Secondo la legge ciclica ciò che ha raggiunto il massimo può solo decrescere, così la natura lentamente muore e si ritira e le giornate si accorciano, ha inizio così la fase discendente.
E’ il terzo momento del giorno, il tramonto, che indica il tempo e il luogo in cui avviene il ritiro del Sole. Come nell’alba il Sole si trova all’orizzonte, ma questa volta il suo cammino e il suo significato è contrario, la vita si ritrae in sé stessa. Il Sole tramonta ad Ovest e nella fase annuale corrisponde all’equinozio di autunno. Come in Primavera il giorno dell’equinozio rappresenta l’equilibrio tra la luce e la notte, avendo la stessa durata, ma da questo istante sarà la notte a divenire sempre più estesa rispetto al giorno. Anche visibilmente, con l’accorciarsi delle giornate e il letargo della Natura, si avverte che la luce e la vita si ritirano. Ciò che era visibile ora torna a nascondersi e progressivamente si avvicina la stagione oscura e fredda. In questo periodo, non a caso, si celebra la ricorrenza dei morti e le festività sono simboli di virilità, purezza e luce (S. Michele, S. Martino, l’Immacolata e S. Lucia). La luce dell’Essere si ritrae dall’esterno, come se vi fosse una lenta morte che avvolge tutta la Natura.

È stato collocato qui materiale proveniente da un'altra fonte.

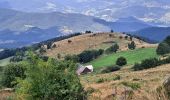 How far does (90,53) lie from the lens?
165125 mm

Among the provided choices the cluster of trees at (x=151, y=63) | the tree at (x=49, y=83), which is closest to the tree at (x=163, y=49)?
the cluster of trees at (x=151, y=63)

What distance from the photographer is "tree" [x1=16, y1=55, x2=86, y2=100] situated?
86.1 ft

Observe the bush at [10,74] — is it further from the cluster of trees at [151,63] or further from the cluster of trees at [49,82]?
the cluster of trees at [151,63]

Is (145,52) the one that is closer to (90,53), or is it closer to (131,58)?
(131,58)

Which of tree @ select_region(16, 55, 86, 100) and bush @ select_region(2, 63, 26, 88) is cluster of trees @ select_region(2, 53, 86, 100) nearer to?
tree @ select_region(16, 55, 86, 100)

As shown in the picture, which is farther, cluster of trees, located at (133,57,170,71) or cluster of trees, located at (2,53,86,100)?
cluster of trees, located at (133,57,170,71)

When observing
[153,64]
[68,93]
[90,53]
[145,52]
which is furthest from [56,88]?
[90,53]

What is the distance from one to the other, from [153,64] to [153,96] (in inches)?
2056

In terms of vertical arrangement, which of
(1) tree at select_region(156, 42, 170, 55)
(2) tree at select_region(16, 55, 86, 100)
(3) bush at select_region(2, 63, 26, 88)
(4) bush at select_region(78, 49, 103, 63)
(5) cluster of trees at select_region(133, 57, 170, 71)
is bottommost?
(4) bush at select_region(78, 49, 103, 63)

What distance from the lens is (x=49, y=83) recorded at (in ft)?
86.8

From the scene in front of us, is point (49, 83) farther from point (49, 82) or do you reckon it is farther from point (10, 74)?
point (10, 74)

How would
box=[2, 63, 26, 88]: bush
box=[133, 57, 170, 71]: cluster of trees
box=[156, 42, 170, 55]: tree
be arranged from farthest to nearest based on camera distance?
box=[156, 42, 170, 55]: tree
box=[133, 57, 170, 71]: cluster of trees
box=[2, 63, 26, 88]: bush

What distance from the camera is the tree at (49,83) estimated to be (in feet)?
86.1

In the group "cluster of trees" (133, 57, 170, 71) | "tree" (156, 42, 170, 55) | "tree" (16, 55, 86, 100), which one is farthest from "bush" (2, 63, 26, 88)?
"tree" (156, 42, 170, 55) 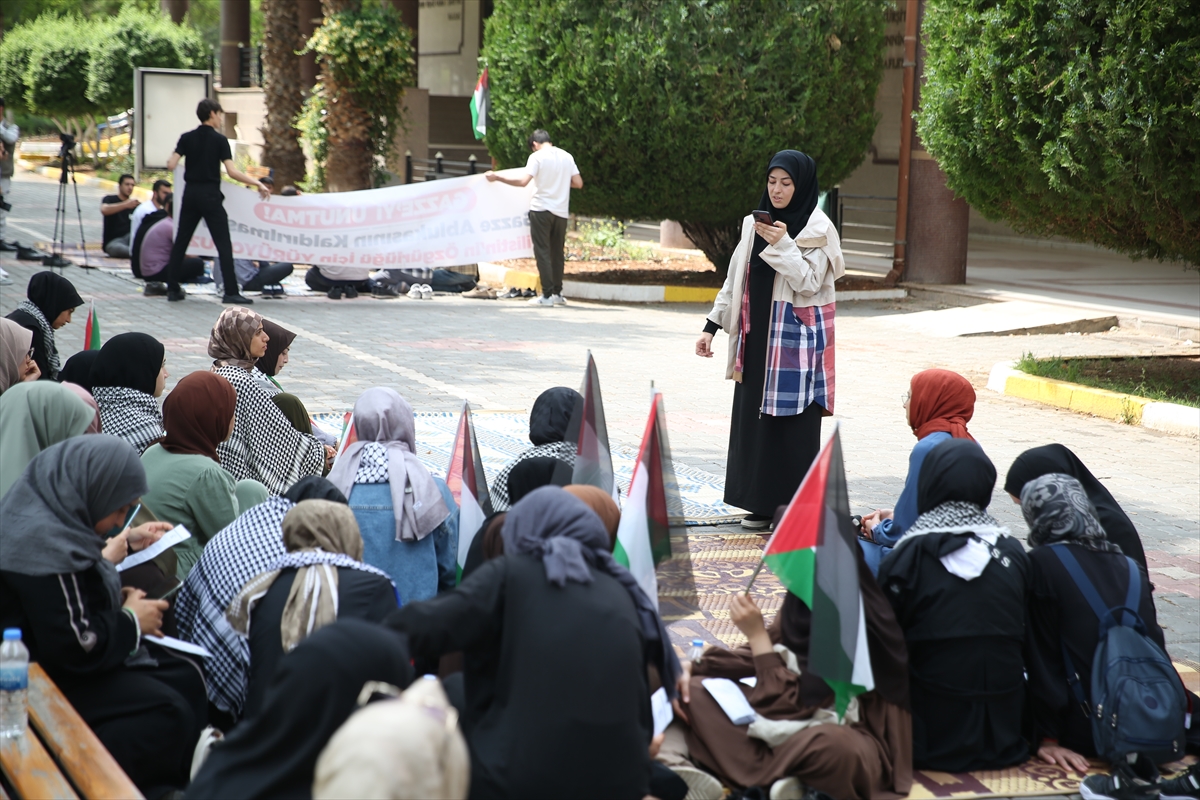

Il quarto e ultimo momento della giornata è la Mezzanotte, il punto in cui il Sole non è visibile e predomina il freddo e l’oscurità. Il ghiaccio e la neve richiamano le regioni fredde collocate al Nord, questo momento corrisponde al solstizio d’inverno. Questa è la notte più lunga dell’anno, il Sole raggiunge il punto più basso dell’orizzonte e la luce sembra essere sconfitta dalle tenebre. Ma ciò che tocca il fondo può solo risalire e iniziare a crescere, inizia così nuovamente la fase ascendente.
Le giornate si allungano, la luce riprende il sopravvento sulla notte e l’oscurità. Gradualmente la natura si risveglia e il clima torna di nuovo mite. Ancora una volta l’esterno tace nel freddo e nel silenzio e l’interno vive di luce propria. Il solstizio d’inverno è il punto critico, simbolo di una particolare drammaticità. Esso segna l’inizio del nuovo anno solare e di una nuova vita (ciclo) quale segno imperituro di rinascita e vittoria, il simbolo della forza della vita che vince la morte.
Come il Sole sorge vittorioso sulle tenebre così l’uomo deve vincere sulla sua natura mortale ed istintiva.

[Cfr. AA.VV., Il mondo della Tradizione, Roma, Raido, 1997, pp. 56-59. Il post di oggi è un omaggio a Manolo Diaz, Claudio Marsilio, Luca Consalvi, Luca Beltrami e Massimo Germani, indimenticati esempi di passione e militanza].